今回は、ヴァイオリ二ストらしく(?)音大の側にあるパン屋さんを選んでみました。というのも、小さい頃からクラシックを学んできた身とすると、音大のある街って少し背筋が伸びる感じがあるのです。地名を目にしただけでそこにある音大が浮かぶというか。シャンとした気持ちになるのであまり行かないのですが(たまにはシャンとして!笑)、先日〝いつか行きたい″貯金していた仙川にある「AOSAN」へ。合わせて、母校の東京音楽大学がある雑司が谷の「うぐいすと穀雨」にも行ってきました!
ギャップに惚れ惚れ…〈AOSAN〉
仙川といえば、素晴らしい音楽家の皆様を沢山輩出されている桐朋学園音楽大学がある街。「AOSAN」はその目と鼻の先にあります。商店街を抜け、落ち着いた住宅街に入ったところで、行列を見つけたらそこが目印。倉庫風な内装と陳列は、パン屋さんのイメージを超える無骨なかっこよさがあって、入店する前からトキめかせてくれます。
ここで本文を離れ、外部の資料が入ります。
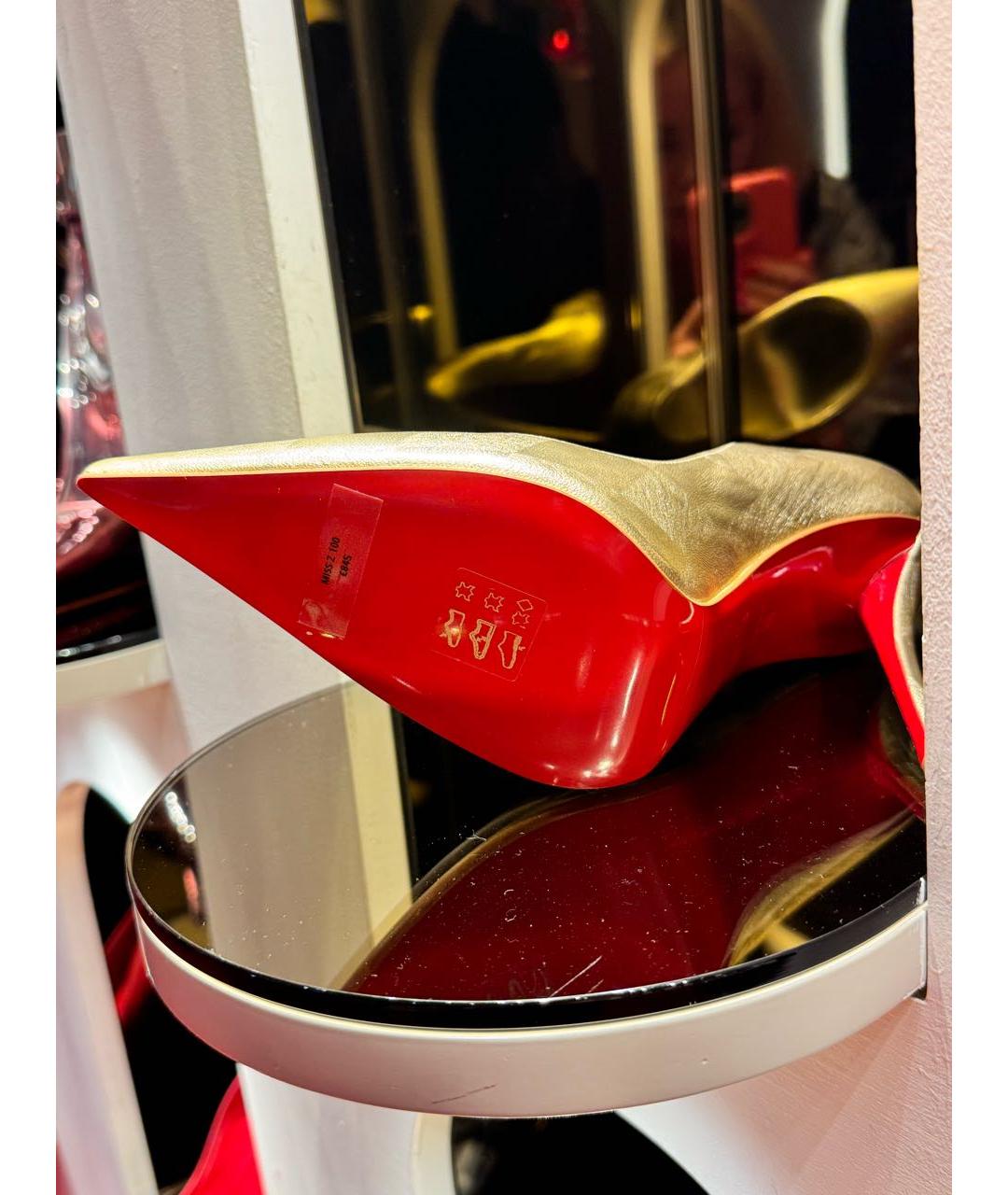CHRISTIAN LOUBOUTIN Золотые туфли из лакированной кожи, фото 4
そしていざ入店してみると、木箱に入ったパン1つ1つの可愛らしいこと!このギャップにまずコロっとヤられます。ツヤツヤしていたりコロンとしていたりぷっくりふくれていたり。〝みんなちがって、みんないい。″そんなあまりにも有名なフレーズが心の中でリフレインしてしまったほど。みんなみんな素敵だよ!!って全パンに向かって、あぁ、伝えたい!!!
いかんいかん。昂ぶる気持ちをなだめて、魅力的なパン達と向き合って選びます。(選べない!と何度呟いたか…)どんどん焼けて、どんどんお客様が手に取っていくから、お店に並ぶパンはどれもほぼ焼きたて。ホッカホカです。せっかく焼きたてなのでお店の外のテラスで頂きました!朝パン、外パン編といきましょう。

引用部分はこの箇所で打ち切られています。